Einladung zum Weltgebetstag 2026 aus Nigeria

Am Freitag, den 6. März 2026, feiern Menschen in über 150 Ländern der Erde den Weltgebetstag der Frauen aus Nigeria. „Kommt! Bringt eure Last.“ lautet ihr hoffnungsverheißendes Motto, angelehnt an Matthäus 11,28-30. Sie sind herzlich eingeladen, am Freitag, 6. März 2026 einen der ökumenischen Weltgebetstag-Gottesdienste in Ihrer Nähe zu besuchen. 

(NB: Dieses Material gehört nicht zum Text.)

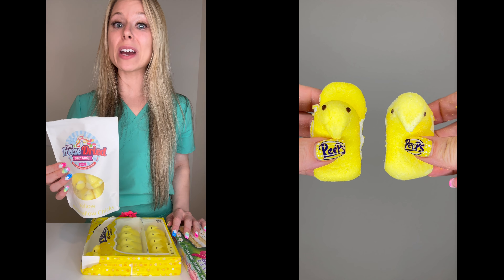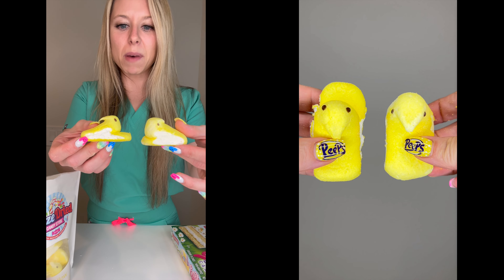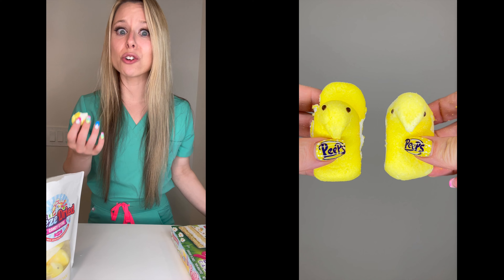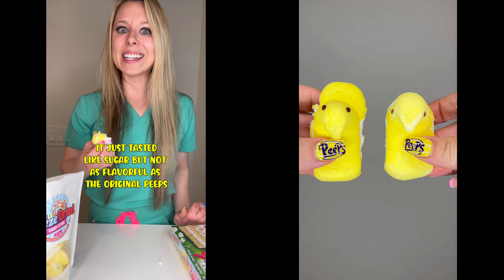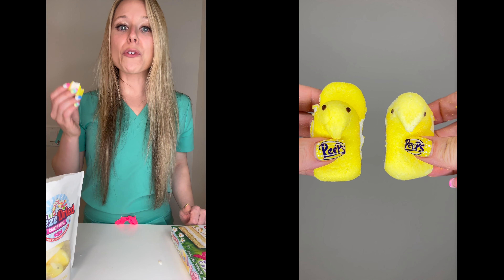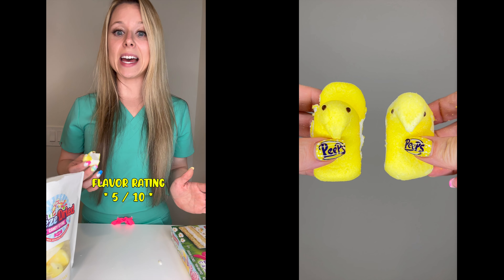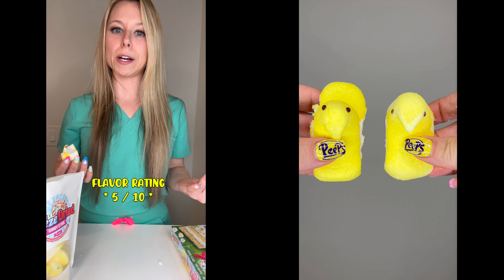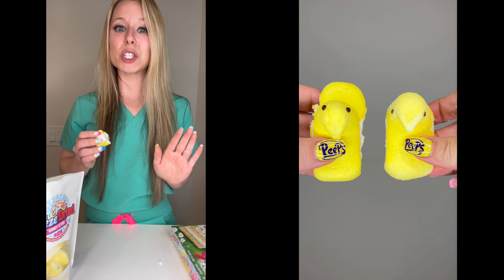Let's see if the freeze-dried version is safer than the original. It didn't puff up much. So it's really crunchy. It's actually, ironically, less flavorful than the original. So for flavor, I'm gonna give this one a five out of 10 — only because I love the crunch, but it just tastes like straight up sugar. My braces rating, I'm gonna give this one a two out of 10. Not safe for braces.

19.00 Uhr Gemeindehaus Krautostheim
19.00 Uhr evang. Gemeindehaus Sugenheim 
19.00 Uhr Kirche St. Leonhard Bullenheim 
19.00 Uhr Dorfkirche Possenheim 
19.00 Uhr im kath. Pfarrsaal Markt Bibart 
19.00 Uhr im kath. Pfarrzentrum Scheinfeld 
19.00 Uhr im Gemeindehaus Markt Taschendorf 
19.00 Uhr im Gemeindehaus Kleinweisach

Kommt! Bringt eure Last. 

Nigeria ist mit über 230 Millionen Menschen das bevölkerungsreichste Land und vereint über 250 Ethnien mit mehr als 500 gesprochenen Sprachen. Die drei größten Ethnien sind Yoruba, Igbo und Hausa, aufgeteilt in den muslimisch geprägten Norden und den christlichen Süden. Außerdem hat Nigeria eine der jüngsten Bevölkerungen weltweit, 97 Prozent sind jünger als 65 Jahre. Dank der Öl-Industrie ist das Land wirtschaftlich stark, mit boomender Film- und Musikindustrie. Reichtum und Macht sind jedoch sehr ungleich verteilt. 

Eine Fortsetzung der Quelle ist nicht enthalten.